Detailed Description

The technical solutions in the embodiments of the present invention will be clearly and completely described below with reference to the drawings in the embodiments of the present invention, and it is obvious that the described embodiments are only a part of the embodiments of the present invention, and not all of the embodiments.

The components of embodiments of the present invention generally described and illustrated in the figures herein may be arranged and designed in a wide variety of different configurations. Thus, the following detailed description of the embodiments of the present invention, as presented in the figures, is not intended to limit the scope of the invention, as claimed, but is merely representative of selected embodiments of the invention. All other embodiments, which can be derived by a person skilled in the art from the embodiments of the present invention without making any creative effort, shall fall within the protection scope of the present invention.

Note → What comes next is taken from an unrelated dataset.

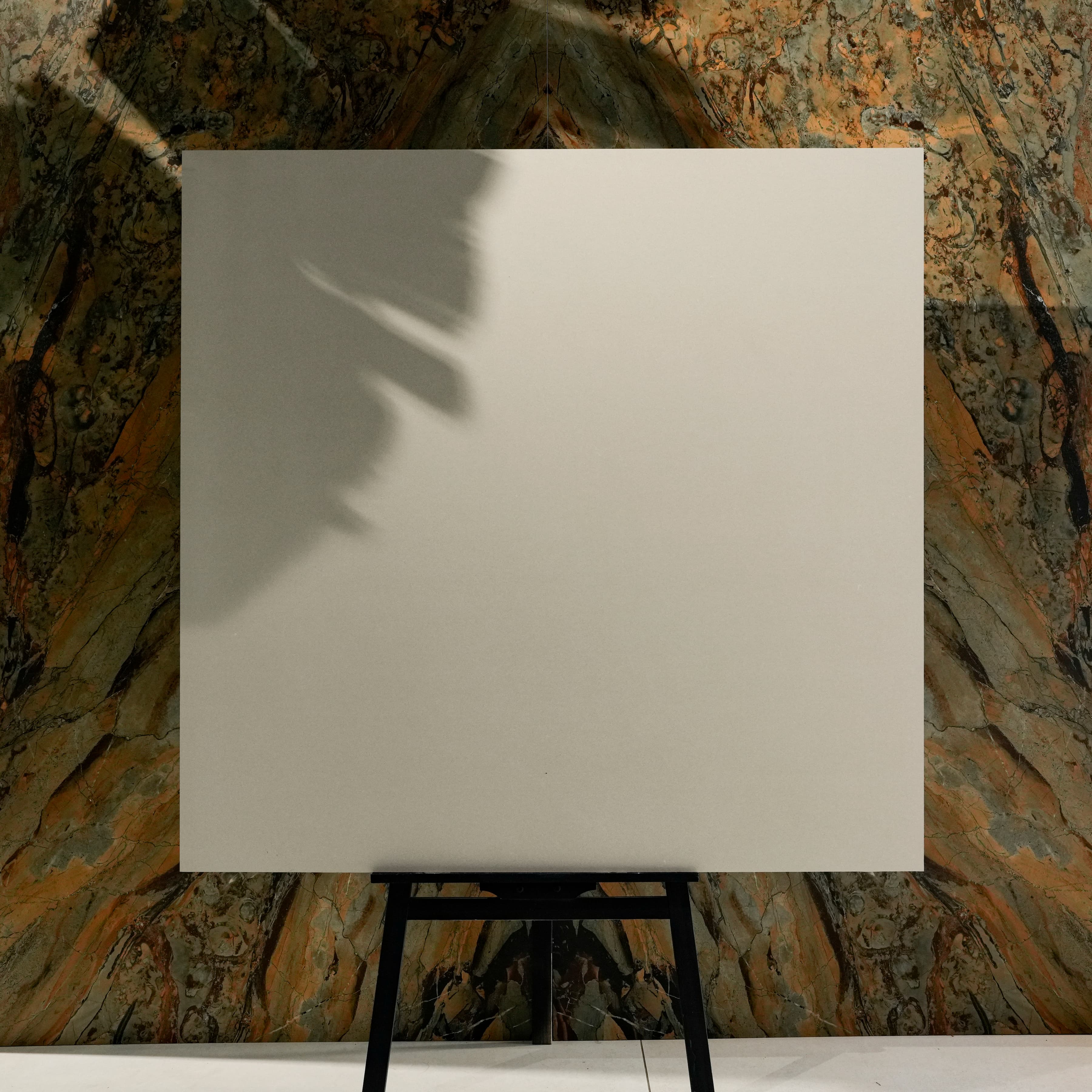Santorini Light 120x120cm matte porcelain tile on easel against onyx marble backdrop in UAE luxury tile showroom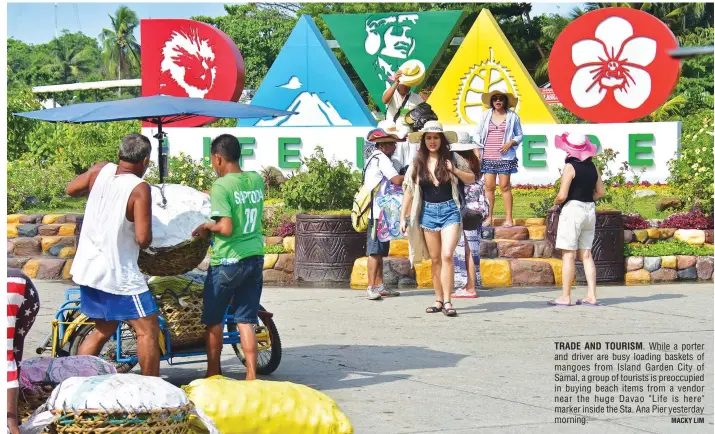  ?? MACKY LIM ?? TRADE AND TOURISM. While a porter and driver are busy loading baskets of mangoes from Island Garden City of Samal, a group of tourists is preoccupie­d in buying beach items from a vendor near the huge Davao "Life is here" marker inside the Sta. Ana Pier yesterday morning.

Hereinafter, the terms "including", "having", and their derivatives, which may be used in various embodiments of the present invention, are only intended to indicate specific features, numbers, steps, operations, elements, components, or combinations of the foregoing, and should not be construed as first excluding the existence of, or adding to, one or more other features, numbers, steps, operations, elements, components, or combinations of the foregoing.

Furthermore, the terms "first," "second," "third," and the like are used solely to distinguish one from another and are not to be construed as indicating or implying relative importance.

Unless otherwise defined, all terms (including technical and scientific terms) used herein have the same meaning as commonly understood by one of ordinary skill in the art to which various embodiments of the present invention belong. The terms (such as terms defined in a commonly used dictionary) will be construed to have the same meaning as the contextual meaning in the related art and will not be construed to have an idealized or overly formal meaning unless expressly so defined in various embodiments of the present invention.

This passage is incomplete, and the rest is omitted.